General background

Day care services in Canada appear to have evolved out of three streams of thought and change: social welfare services for needy children; pre-school education; and the women's liberation movement.

The existence of social welfare services for abused, disturbed, retarded, sick, orphaned, disabled, and otherwise needy children has been provided for many years through government funds. The demand for more and better services in these areas has increased in recent years. This demand has shifted from large scale custodial services (eg. orphanages) to small scale family-type services (eg. foster parents, group homes) and to specific programs which meet specific needs (eg. hot lunches at inner city schools). Such services are traditionally funded as social welfare or health services. The various arguments for or against funding are based on the moral obligations of the society, and hence the government, to protect and maintain the well-being of its youngest members. The shift from large scale to small scale services is characterized in day care by an increasing demand for family care services. It is possible that group care services still bear the stigma of the workhouse image of rows of cots on which sleep needy children with runny noses and pale eyes.

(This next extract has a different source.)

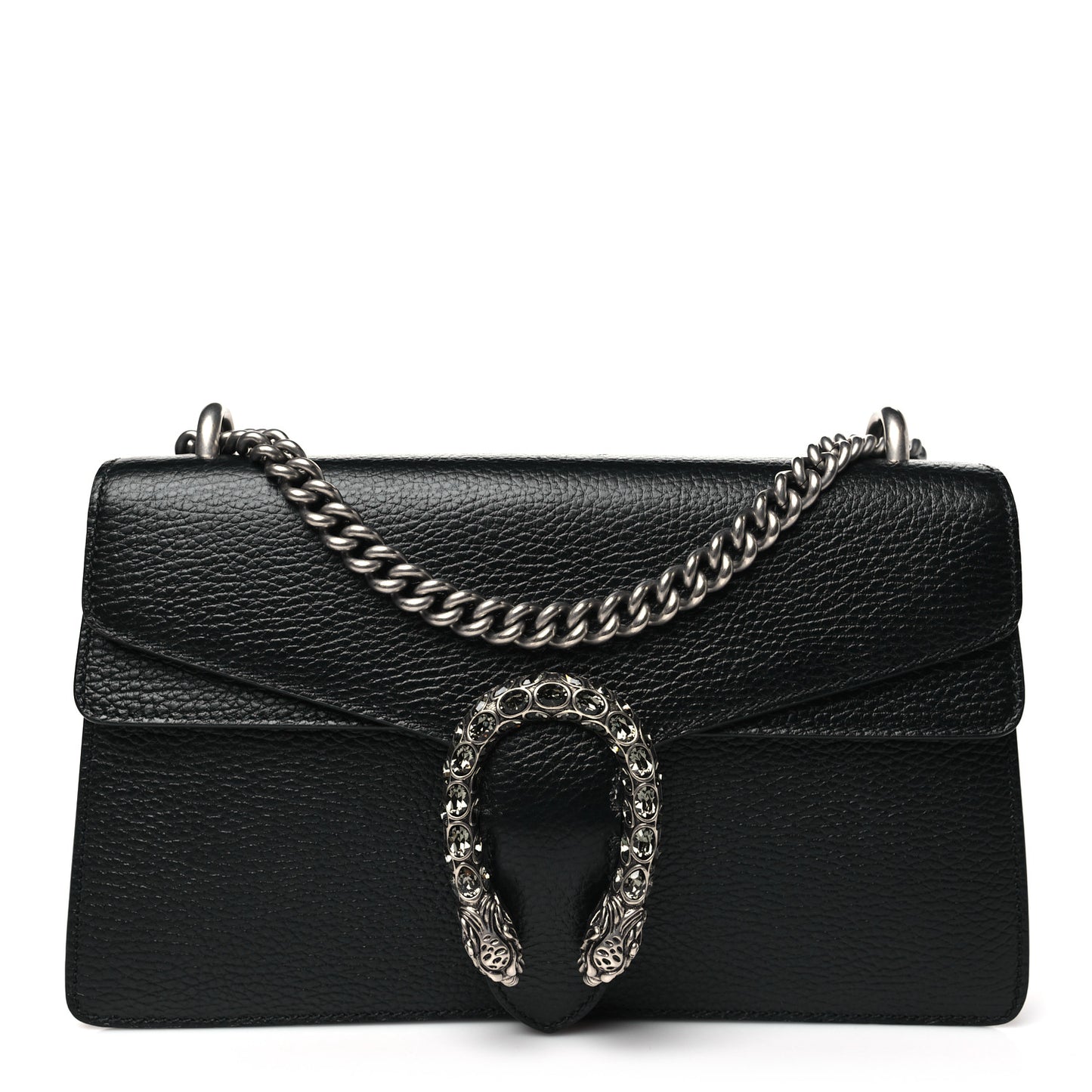 Pebbled Calfskin Small Dionysus Shoulder Bag Black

Pre-school or pre-elementary education services were conceived as educational-developmental services and were based on the concepts of such educators as Montessori and Piaget. These concepts hold that any child can benefit from increased social, mental and physical stimulation; and that children who receive such services are better off when they reach regular school age. its original form, this need was based on the right of every child to the best possible conditions available for encouraging growth and learning, and was met through private group services However, as time progressed, we developed a disadvantaged class (If children whose parents could not afford the costs. Therefore, we developed remedial programs, such as "Headstart", which combined social welfare with educational services. To justify pre-school education beyond this remedial level, to a universal level, we run the risk of falling into an unacceptable assumption ... that such services are essential to the eventual well-being of the total society through the development of the "best" or "approved" type of citizen and that the average parent is not capable of rearing children to be this type of citizen. Under such an assumption, while the government would have a clear obligation to provide funds it would also have the right to control both the administrative and programming aspects of the services. Thus far, the public education systems in most provinces have extended public funding only as far as half-day junior kindergarten programs for four-year old. These are often universal but not compulsory, and are normally extended first to disadvantaged or disabled groups.